XRP community was warned of A massive incoming dump for the whole crypto market 5-7 days ago

   portfolio went from 85k to 57k in this massive crypto dump but i'm not worried the market will recover but there's no hint on when that will happen. Mr pool states  "reinvest but many will still miss out" The other Freemasons in the XRP community gave the warning as well and told people to take some profits. Mr Pool message is at the very bottom you can read it from top to bottom or bottom to top' He always gives a double meaning


----------



## cornerpath (Jun 23, 2021)

THIS IS IT REINVEST THE HUGE DUMP IS OCCURING BUT PEOPLE WILL STILL MISS IT BEFORE THE BULL RUN


----------



## Costello (Jun 23, 2021)

cornerpath said:


> THIS IS IT REINVEST THE HUGE DUMP IS OCCURING BUT PEOPLE WILL STILL MISS IT BEFORE THE BULL RUN


it's hard to take anything seriously when thousands of people make thousands of predictions
99.9% turn out to be incorrect, so when ONE guy gets lucky, stop being like "OMG THIS GUY WAS RIGHT ALL ALONG"

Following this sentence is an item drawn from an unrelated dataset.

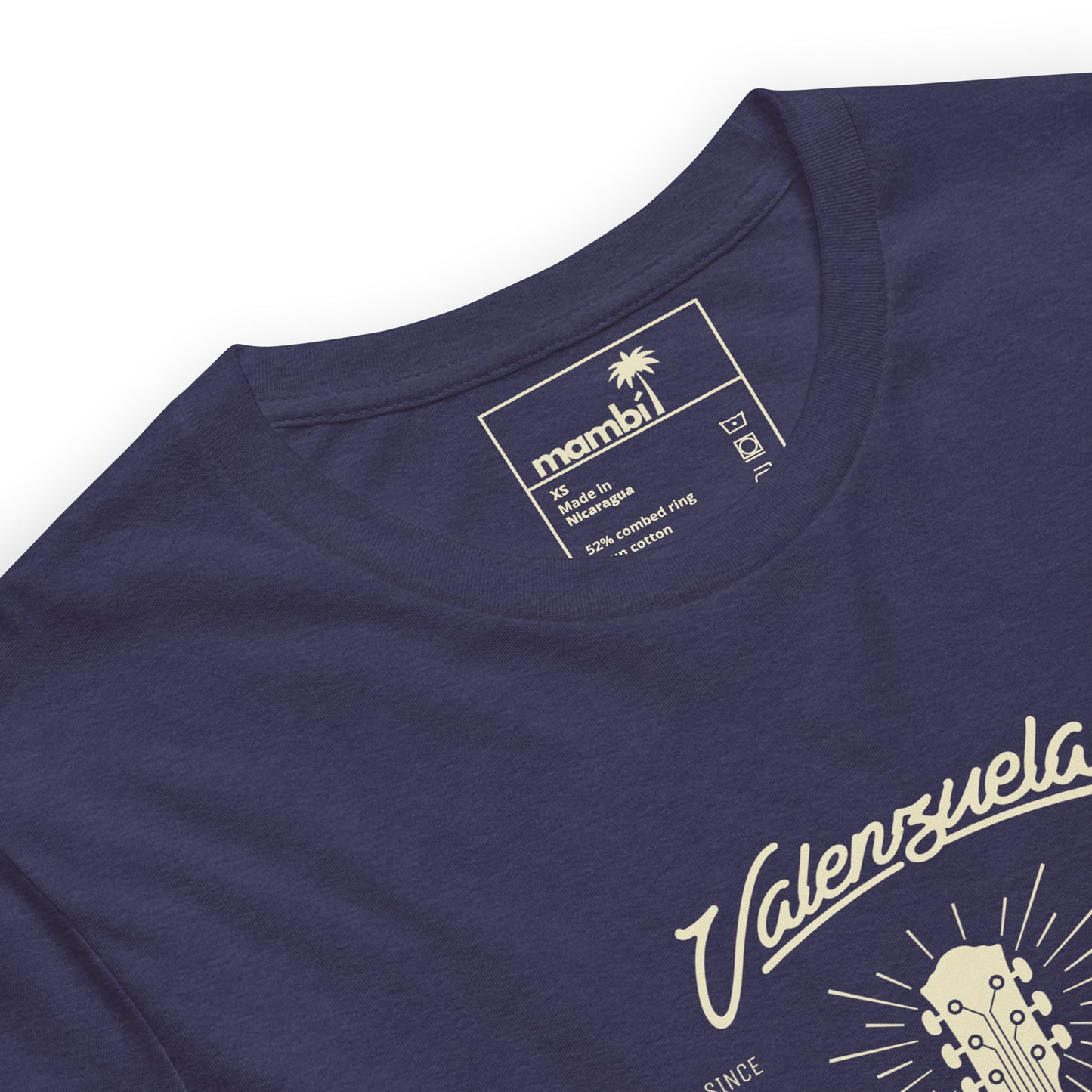 “Valenzuela” Graphic Tee | Unisex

if you're going to post when someone's right, then for honesty's sake, also post something when they're wrong, so that everyone has basis for fair comparison


----------



## cornerpath (Jan 21, 2022)

Costello said:


> it's hard to take anything seriously when thousands of people make thousands of predictions
> 99.9% turn out to be incorrect, so when ONE guy gets lucky, stop being like "OMG THIS GUY WAS RIGHT ALL ALONG"
> 
> if you're going to post when someone's right, then for honesty's sake, also post something when they're wrong, so that everyone has basis for fair comparison


@The Catboy 

 i'm just now seeing this but my mistake of saying these are predictions these are planned events and not just  him being lucky
he told us exactly when the dump for 2021 would end and it did its all backed with facts





Then the dump that happened 1/20/22 last night bitcoin first time plugging below 40k after MR pool gave the  cryptic message "buy the dip signal"





Then lets not forget the timeline from 2020 about 2021-2022 backed up by articles









  The finale thing  is nobodys know what he means when he says it "all begins in London" as the community was told
power will go from the west to East/ USA to UK . Some think he was predicting the londing being the first to lift  the mask mandate but i doubt that what meant


----------



## The Catboy (Jan 21, 2022)

Wow that's a lot of nonsense


----------



## cornerpath (Jan 21, 2022)

The Catboy said:


> Wow that's a lot of nonsense



 Everything will make sense soon just keep watch, I do agree some times are kinda high in the air but for the most part everything else will play out slowly but for surely


----------



## The Catboy (Jan 25, 2022)

cornerpath said:


> Everything will make sense soon just keep watch, I do agree some times are kinda high in the air but for the most part everything else will play out slowly but for surely


If a coin requires vague and cryptic claims that almost feel like faith, then it’s a literal shit coin and not worth waiting on.


----------